Re: [PATCH v2] arm64: errata: Workaround for SI L1 downstream coherency issue

[Kuan-Wei Chiu]

Hi Lucas,

On Mon, Dec 29, 2025 at 03:36:19AM +0000, Lucas Wei wrote:
> When software issues a Cache Maintenance Operation (CMO) targeting a
> dirty cache line, the CPU and DSU cluster may optimize the operation by
> combining the CopyBack Write and CMO into a single combined CopyBack
> Write plus CMO transaction presented to the interconnect (MCN).
> For these combined transactions, the MCN splits the operation into two
> separate transactions, one Write and one CMO, and then propagates the
> write and optionally the CMO to the downstream memory system or external
> Point of Serialization (PoS).
> However, the MCN may return an early CompCMO response to the DSU cluster
> before the corresponding Write and CMO transactions have completed at
> the external PoS or downstream memory. As a result, stale data may be
> observed by external observers that are directly connected to the
> external PoS or downstream memory.
> 
> This erratum affects any system topology in which the following
> conditions apply:
>  - The Point of Serialization (PoS) is located downstream of the
>    interconnect.
>  - A downstream observer accesses memory directly, bypassing the
>    interconnect.
> 
> Conditions:
> This erratum occurs only when all of the following conditions are met:
>  1. Software executes a data cache maintenance operation, specifically,
>     a clean or invalidate by virtual address (DC CVAC, DC CIVAC, or DC
>     IVAC), that hits on unique dirty data in the CPU or DSU cache. This
>     results in a combined CopyBack and CMO being issued to the
>     interconnect.
>  2. The interconnect splits the combined transaction into separate Write
>     and CMO transactions and returns an early completion response to the
>     CPU or DSU before the write has completed at the downstream memory
>     or PoS.
>  3. A downstream observer accesses the affected memory address after the
>     early completion response is issued but before the actual memory
>     write has completed.
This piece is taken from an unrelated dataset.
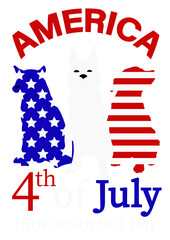 Obraz premium America sign. 4th of july clipart. Independence day decor. Dogs. USA flag 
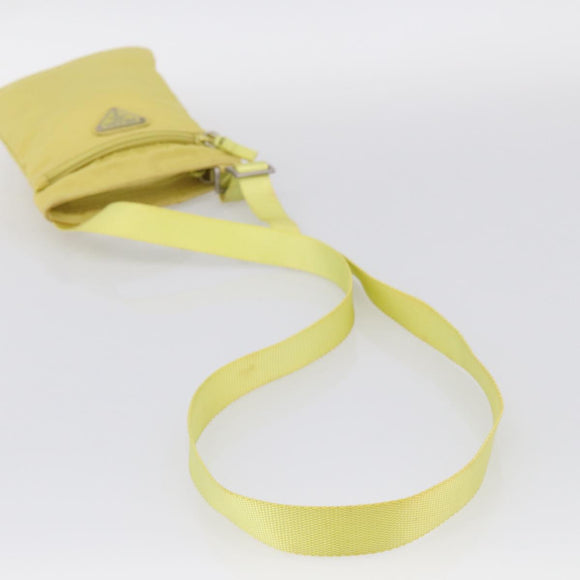 PRADA Shoulder Bag Nylon Yellow Silver Auth 212976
This allows the observer to read stale data
>     that has not yet been updated at the PoS or downstream memory.
> 
> The implementation of workaround put a second loop of CMOs at the same
> virtual address whose operation meet erratum conditions to wait until
> cache data be cleaned to PoC.. This way of implementation mitigates
> performance panalty compared to purly duplicate orignial CMO.
> 
> Reported-by: kernel test robot <lkp@intel.com>

I assume the Reported-by tag was added due to the sparse warning in v1?
Since this patch fixes a hardware erratum rather than an issue reported
by the robot, I don't think we need this tag here.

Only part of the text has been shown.